Explicação Histórica
A frase 'Eis que vim de Deus, como tu' (Hebraico: 'Hinnēh el-'Elohim 'anōḵī', literal: 'Eis que de Deus sou eu') enfatiza a origem divina da existência de Jó. A segunda parte, 'do lodo também eu fui formado' (Hebraico: 'kaḵəmoḵa min-hā'āp̄ār ḥāṣūḵtî', literal: 'como tu, do pó fui formado'), remete à narrativa da criação em Gênesis, onde Deus formou o homem do pó da terra (Gênesis 2:7). Jó usa essa linguagem para mostrar que sua condição humana e seu relacionamento com Deus não o tornam diferente deles em sua essência criacional.
Interpretação Doutrinária
Este versículo reforça a doutrina da criação comum, onde todos os seres humanos, independentemente de sua condição ou sofrimento, têm sua origem em Deus. Isso se alinha com a crença na soberania divina sobre a vida e a morte, e na unidade da raça humana sob o Criador, um princípio fundamental que sustenta a necessidade de um Salvador comum para toda a humanidade pecadora.
Aplicação Prática
Devemos reconhecer que todos somos criaturas de Deus, criados do pó, e que essa condição fundamental nos une em igualdade diante d'Ele.

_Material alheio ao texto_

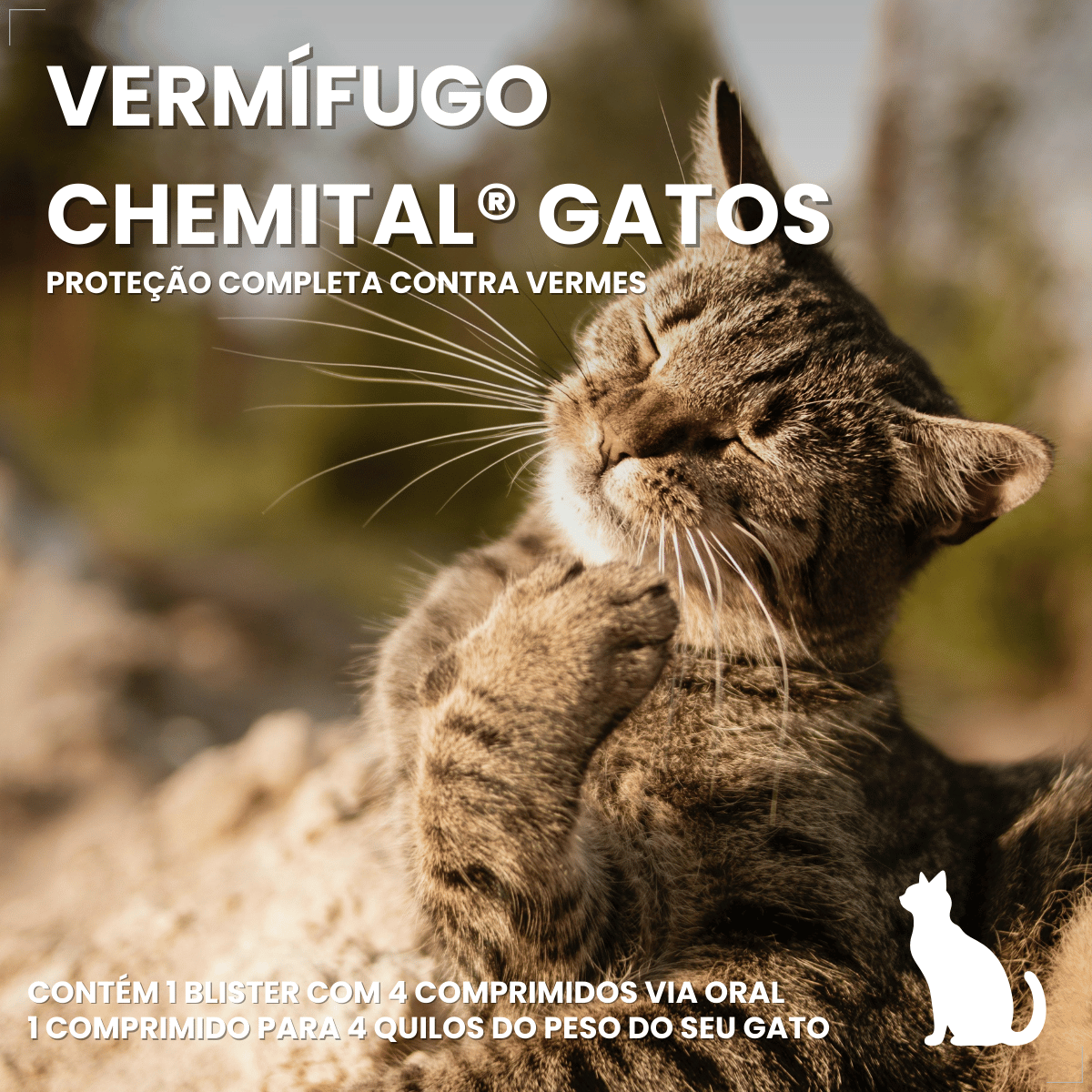 Chemital Vermífugo para gatos 4 comprimidos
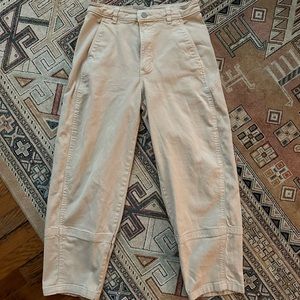 Everlane barrel wide leg pants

Ao enfrentar dificuldades ou julgar outros, lembremo-nos de nossa origem comum e da soberania de Deus em todas as vidas.
Precauções de Leitura
Evitar interpretar este versículo como uma negação da responsabilidade individual pelos pecados ou como uma justificativa para o orgulho de sua própria criação. O contexto de Jó demonstra a importância do relacionamento pessoal com Deus, mesmo dentro da unidade da criação.